È quando la polvere si posa che Aiolia sgrana gli occhi. Mai avrebbe immaginato di sentire un simile ordine. Ma poi ricorda che questa è una notte pazzesca, dove il sotto ed il sopra hanno ben pensato di rovesciarsi. Per divertimento. Per ammazzare il tempo e la noia. Per ammazzare loro.
Athena ha una spiccata predilezione al perdono. Alla benevolenza. Alla pietà. E Aiolia sa che se Saga è morto non è stato perché lui, o un altro dei suoi compagni, gli ha messo le mani addosso, no; è stato perché Saga s’è ucciso. Con le sue stesse mani. Perché non poteva sopportare il perdono terribile di Athena. Per ubrys è morto Saga. Perché era un uomo.
E se c’è una cosa che il Leone ha imparato, in questa vita, è che l’amore e la misericordia divina travalicano la concezione umana e i suoi limiti. Sorpassandoli. Colmandoli. Contraddicendoli.
Dove Aiolia – ma anche Milo, perché Mu sfugge alla sua comprensione più del solito, stanotte – vede che non c’è più spazio per l’amore, la misericordia e la comprensione, perché è stato versato del sangue – il sangue di Shaka – Athena, invece, sa – vede – che c’è ancora speranza. C’è sempre speranza.
I comandamenti, le regole, i precetti morali sono questioni che riguardano gli uomini. Che gli dei han dato loro per regolamentarne l’esistenza. La convivenza tra simili. La moralità di un uomo non è quella di un dio. Che guarda alla creatura e al creato come farebbe un padre severo, o una madre comprensiva. Che è – e che deve essere – superiore alle questioni terrene. Che variano al variare dei tempi, mentre il dio, e la sua morale, sono fuori dal tempo. Essi esistono. Di per sé. Uguali, eterni ed immutabili. Nei secoli dei secoli, amen.

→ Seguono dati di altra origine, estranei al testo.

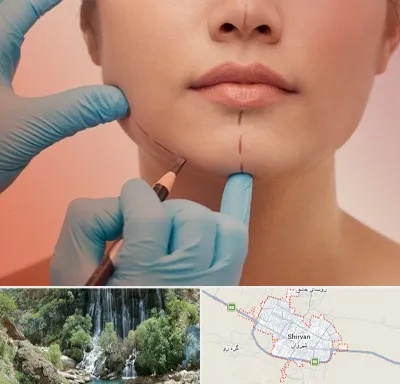دکتر زیبایی خانم در شیروان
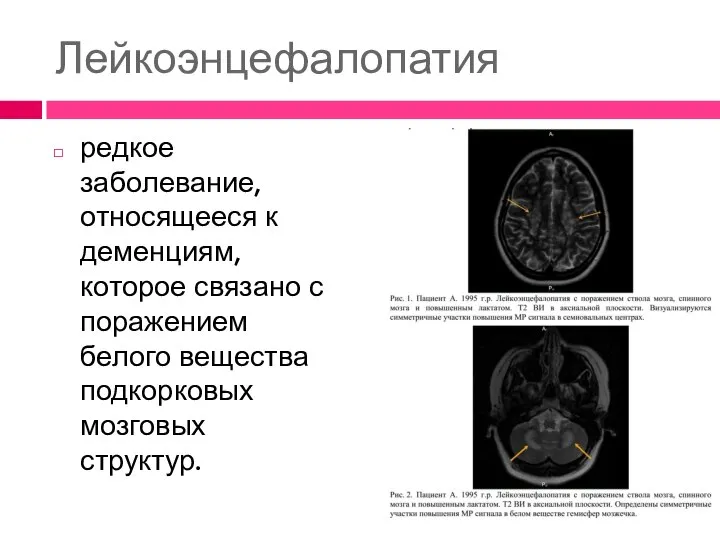 Лейкоэнцефалопатия редкое заболевание, относящееся к деменциям, которое связано с поражением белого вещества подкорковых мозговых структур.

Così, quando la voce di Athena esplode nelle loro menti – col profumo dei fiori di campo e la lucente fierezza di un raggio di sole – Aiolia trasale. E mentre percepisce la tracotanza di Milo nell’alzare la voce per chiedere conto e ragione di ciò che Athena ha ordinato loro, lui sa già che lo faranno. Raccoglieranno quell’immondizia da terra e la porteranno ad Athena. Perché nella sua voce, oltre ai fiori di campo e alla luce del sole, c’è la premura e l’impazienza di chi ha gettato via qualcosa di molto, molto prezioso assieme all’immondizia. Qualcosa che lui non può, che lui non riesce a vedere. Perché dove Athena scorge tre vite umane – la cui fiamma s’è spenta tanto, troppo tempo fa – lui vede solo del marciume.
 
 
Il cofanetto è di ebano. Forse. Per quel che lui ne può sapere potrebbe trattarsi anche di palissandro. O di qualche altro materiale ancora.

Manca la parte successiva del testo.